* Assignment
Look through the data below for the line with "A Philly Cheesesteak" and the line with "Halo extensions being held up by a hand", then output those two and all lines in between, exactly as written.

* Information
□ □ □ □ □

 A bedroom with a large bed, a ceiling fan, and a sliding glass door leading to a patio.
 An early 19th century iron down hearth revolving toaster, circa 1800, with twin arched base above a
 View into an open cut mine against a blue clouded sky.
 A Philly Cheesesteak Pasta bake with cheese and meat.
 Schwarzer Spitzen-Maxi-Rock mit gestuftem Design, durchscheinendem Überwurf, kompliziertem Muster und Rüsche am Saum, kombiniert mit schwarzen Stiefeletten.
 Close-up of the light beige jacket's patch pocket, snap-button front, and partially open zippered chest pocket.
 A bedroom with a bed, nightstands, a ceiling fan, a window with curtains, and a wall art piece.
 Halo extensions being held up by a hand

□ □ □ □ □

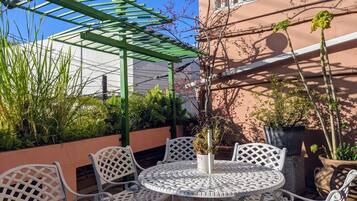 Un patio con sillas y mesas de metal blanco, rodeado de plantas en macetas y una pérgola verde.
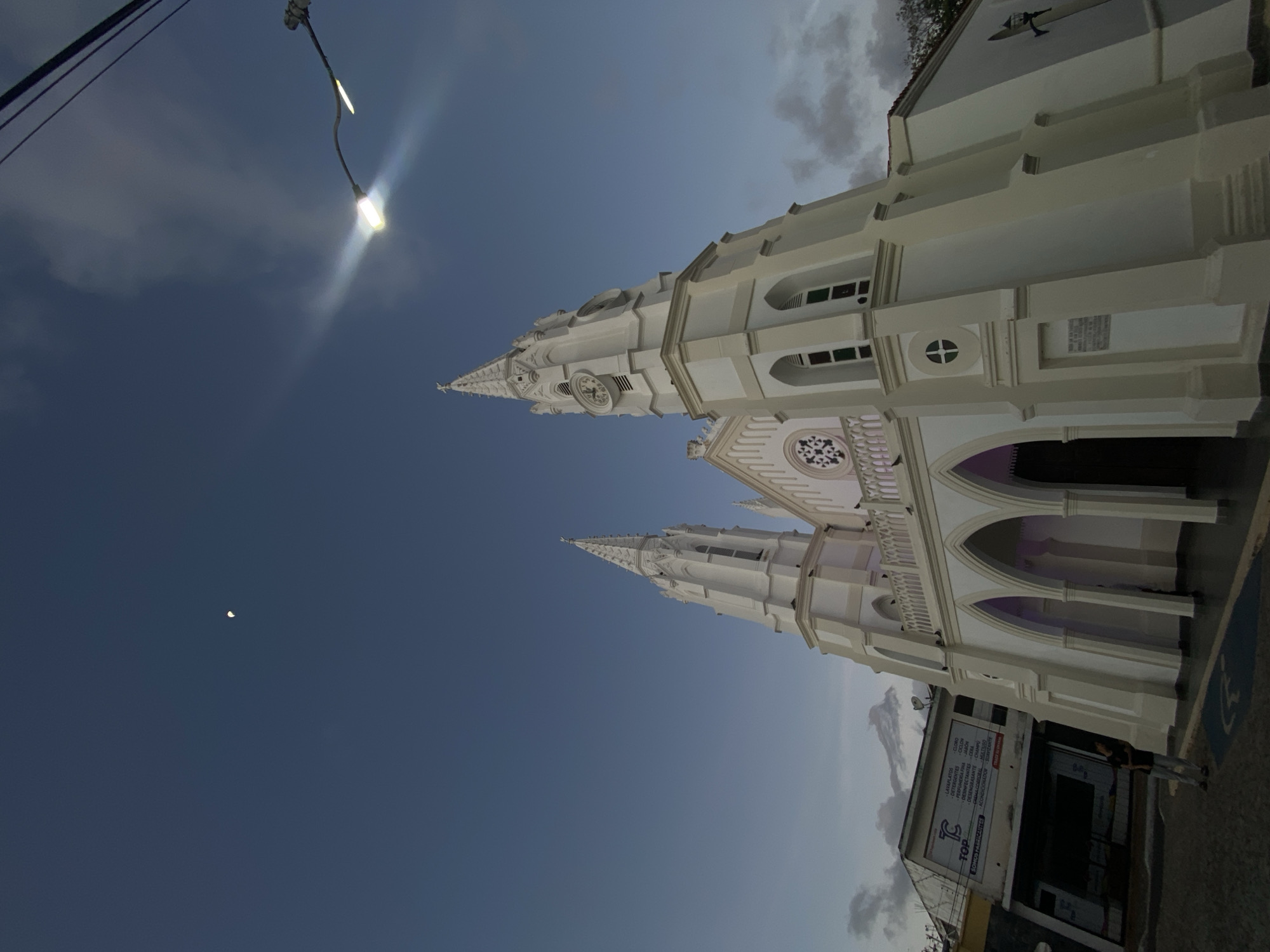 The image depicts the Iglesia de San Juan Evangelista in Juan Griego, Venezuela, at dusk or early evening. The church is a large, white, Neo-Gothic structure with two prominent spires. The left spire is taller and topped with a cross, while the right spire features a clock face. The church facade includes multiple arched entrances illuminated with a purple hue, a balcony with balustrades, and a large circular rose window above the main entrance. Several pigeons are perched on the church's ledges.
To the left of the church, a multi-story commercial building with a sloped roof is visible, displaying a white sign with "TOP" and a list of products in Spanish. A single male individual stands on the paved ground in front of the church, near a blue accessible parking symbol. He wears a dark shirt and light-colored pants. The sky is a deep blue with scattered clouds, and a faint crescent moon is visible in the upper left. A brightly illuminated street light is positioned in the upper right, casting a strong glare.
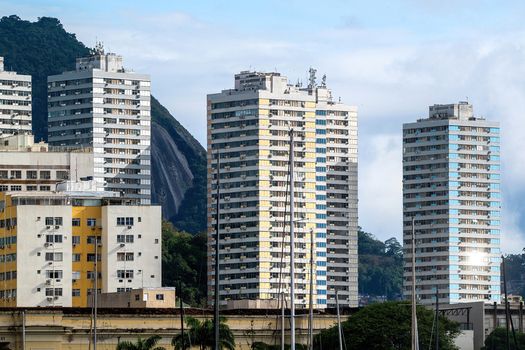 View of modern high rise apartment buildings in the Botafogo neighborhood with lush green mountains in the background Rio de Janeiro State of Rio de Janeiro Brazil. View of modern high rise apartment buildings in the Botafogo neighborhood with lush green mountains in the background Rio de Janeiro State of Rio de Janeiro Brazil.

□ □ □ □ □

* Reply to the task
 A Philly Cheesesteak Pasta bake with cheese and meat.
 Schwarzer Spitzen-Maxi-Rock mit gestuftem Design, durchscheinendem Überwurf, kompliziertem Muster und Rüsche am Saum, kombiniert mit schwarzen Stiefeletten.
 Close-up of the light beige jacket's patch pocket, snap-button front, and partially open zippered chest pocket.
 A bedroom with a bed, nightstands, a ceiling fan, a window with curtains, and a wall art piece.
 Halo extensions being held up by a hand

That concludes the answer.